Around midnight I woke with this dream:

Jesus comforted me.

And later:

A light-skinned young couple, devoted to each other, sits on a piano bench. His tapered fingers played the accompaniment to the Jesus hymn they sing, with full voice.

 This pair of consoling dreams empowers me to trust my old body’s continuing diminishment, one day at a time, until my last one. Practicing CPA’s Step I also supports this process with its emphasis upon cultivating an honest relationship with my body. Gentleness is also paramount.

The first dream’s consolation lingers as I compose this blog, despite having no recall of the story—just His loving presence. My spirit brightens; its joy, boundless, a foretaste of what’s to come on the other side of my last breath.

The second dream of the light-skinned young couple heartens me. From the depths of my unconscious comes multifaceted harmony of their genders, of their blended voices, of their willingness to be in relationship, and of their shared faith and trust in Jesus.

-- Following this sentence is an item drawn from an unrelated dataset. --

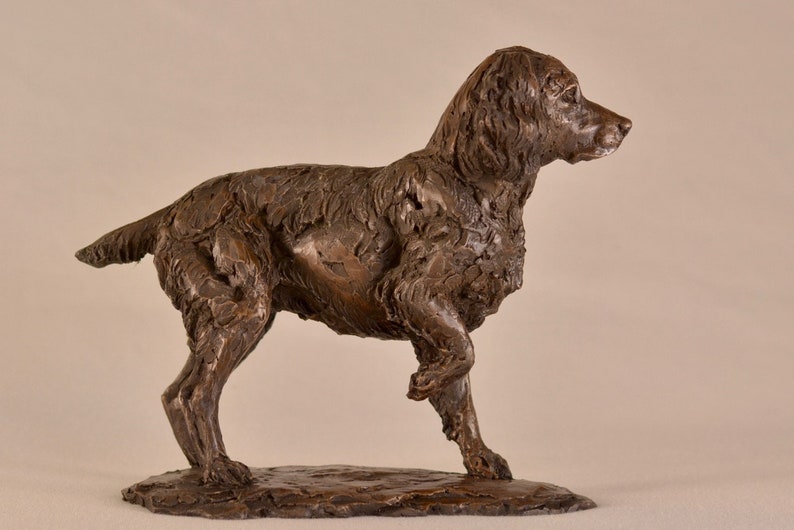by Tanya Russell MRBS Wildlife Dog Gift Bronze Resin Sculpture Small Standing Spaniel Animal Statue Small Bronze Ornament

And on a deeper note, the dream suggests more healing of my racial prejudice, if not its removal altogether. I have wanted this for long years, but have been unable to extricate it from my shadow, it being imprinted since childhood.

And the Jesus hymn envelops my spirit in bliss. If such overtures, fleeting as they are, attest to realities far beyond our kin, what must eternal life be? And we’re all headed there, at least that’s my understanding, like bees swarming to the golden hive. In the meantime, tonight’s dreams remain to be learned from.